● **What the task requires**: Range to output from the entries below: the line containing "2 Pack 32 Inch" through the line containing "Friends walking along". Set it down exactly, ends included, nothing else.

● **The data**:

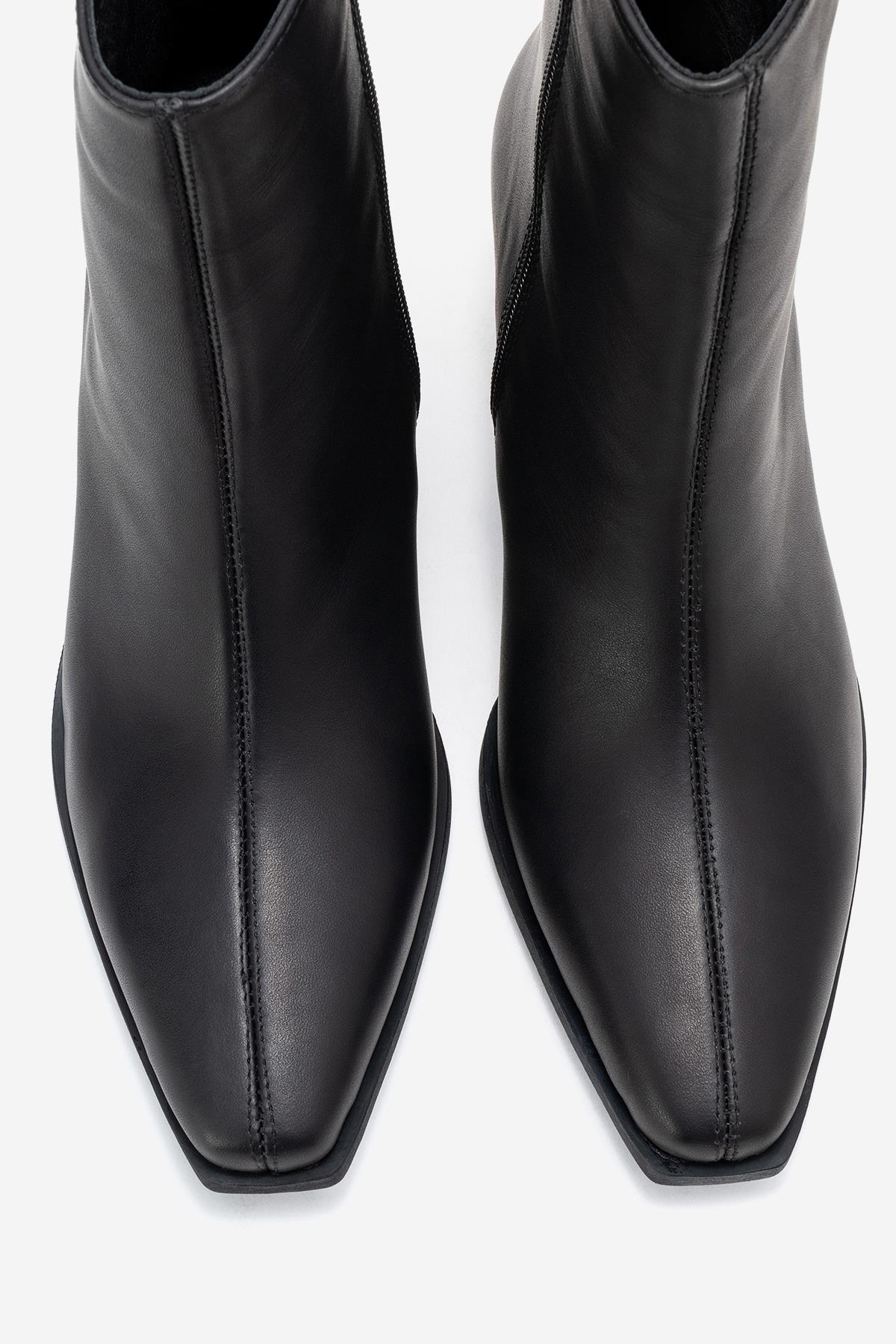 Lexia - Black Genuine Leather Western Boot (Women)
...
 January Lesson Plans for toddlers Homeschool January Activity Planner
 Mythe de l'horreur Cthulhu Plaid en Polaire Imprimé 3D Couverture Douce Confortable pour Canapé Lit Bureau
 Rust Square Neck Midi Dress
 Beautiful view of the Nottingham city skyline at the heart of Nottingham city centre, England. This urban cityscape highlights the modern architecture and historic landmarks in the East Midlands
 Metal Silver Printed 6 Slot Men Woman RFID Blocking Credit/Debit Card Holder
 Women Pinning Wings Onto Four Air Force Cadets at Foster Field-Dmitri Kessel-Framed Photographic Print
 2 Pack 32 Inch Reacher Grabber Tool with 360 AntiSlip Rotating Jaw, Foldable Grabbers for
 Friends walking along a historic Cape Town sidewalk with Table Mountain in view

● **Response**:
 2 Pack 32 Inch Reacher Grabber Tool with 360 AntiSlip Rotating Jaw, Foldable Grabbers for
 Friends walking along a historic Cape Town sidewalk with Table Mountain in view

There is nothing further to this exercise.